摘自:https://discuss.elastic.co/t/how-to-resolve-the-unassigned-shards/87635

Use the reroute command to assign the unassigned shard to a node.

If your cluster is red then you probably have primary shards unassigned. The command below will allow you to reassign a shard that has gone "stale"(腐烂不新鲜的). This means that ES is not sure which copy of the shard has the most recent data and it will not assign one as primary because if another shard with newer data connects to the cluster later it will be overwritten. If your confident that the shard has all of the data you need then you can assign it to a node with the command below. Just be wary of data loss。

curl -XPOST 'localhost:9200/_cluster/reroute?pretty' -H 'Content-Type: application/json' -d'
{
"commands" : [
{
"allocate_stale_primary" : {
"index" : "test", "shard" : 1,
"node" : "node3",
"accept_data_loss" : true
}
}
]
}
'
https://www.elastic.co/guide/en/elasticsearch/reference/current/cluster-reroute.html

 

(2)如果集群是黄色的,可以等其恢复

The status may be one of three values:

green
All primary and replica shards are allocated. Your cluster is 100% operational.
yellow
All primary shards are allocated,  but at least one replica is missing.  No data is missing, so search results will still be complete. However, your high availability is compromised to some degree. If  moreshards disappear, you might lose data. Think of yellow as a warning that should prompt investigation.
red
At least one primary shard (and all of its replicas) is missing. This means that  you are missing data: searches will return partial results, and indexing into that shard will return an exception.

The green/yellow/red status is a great way to glance at your cluster and understand what’s going on. The rest of the metrics give you a general summary of your cluster:

  • number_of_nodes and number_of_data_nodes are fairly self-descriptive.
  • active_primary_shards indicates the number of primary shards in your cluster. This is an aggregate total across all indices.
  • active_shards is an aggregate total of all shards across all indices, which includes replica shards.
  • relocating_shards shows the number of shards that are currently moving from one node to another node(现网中遇到,因为kill -9重启es的方法不对,导致node下线,集群重新分配shard). This number is often zero, but can increase when Elasticsearch decides a cluster is not properly balanced, a new node is added, or a node is taken down, for example(原因).
  • initializing_shards is a count of shards that are being freshly created. For example, when you first create an index, the shards will all briefly reside in initializing state. This is typically a transient event, and shards shouldn’t linger in initializing too long. You may also see initializing shards when a node is first restarted: as shards are loaded from disk, they start as initializing.(现网遇到过)
  • unassigned_shards are shards that exist in the cluster state, but cannot be found in the cluster itself. A common source of unassigned shards are unassigned replicas. For example, an index with five shards and one replica will have five unassigned replicas in a single-node cluster. Unassigned shards will also be present if your cluster is red (since primaries are missing).

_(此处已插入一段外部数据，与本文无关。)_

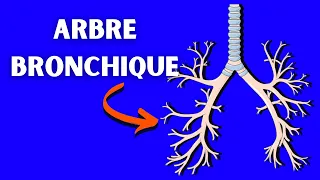 Anatomie de l'arbre bronchique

Drilling Deeper: Finding Problematic Indices

Imagine something goes wrong one day, and you notice that your cluster health looks like this:

{
   "cluster_name": "elasticsearch_zach",
   "status": "red",
   "timed_out": false,
   "number_of_nodes": 8,
   "number_of_data_nodes": 8,
   "active_primary_shards": 90,
   "active_shards": 180,
   "relocating_shards": 0,
   "initializing_shards": 0,
   "unassigned_shards": 20
}

OK, so what can we deduce from this health status? Well, our cluster is red, which means we are missing data (primary + replicas). We know our cluster has 10 nodes, but see only 8 data nodes listed in the health. Two of our nodes have gone missing. We see that there are 20 unassigned shards.

That’s about all the information we can glean. The nature of those missing shards are still a mystery. Are we missing 20 indices with 1 primary shard each? Or 1 index with 20 primary shards? Or 10 indices with 1 primary + 1 replica? Which index?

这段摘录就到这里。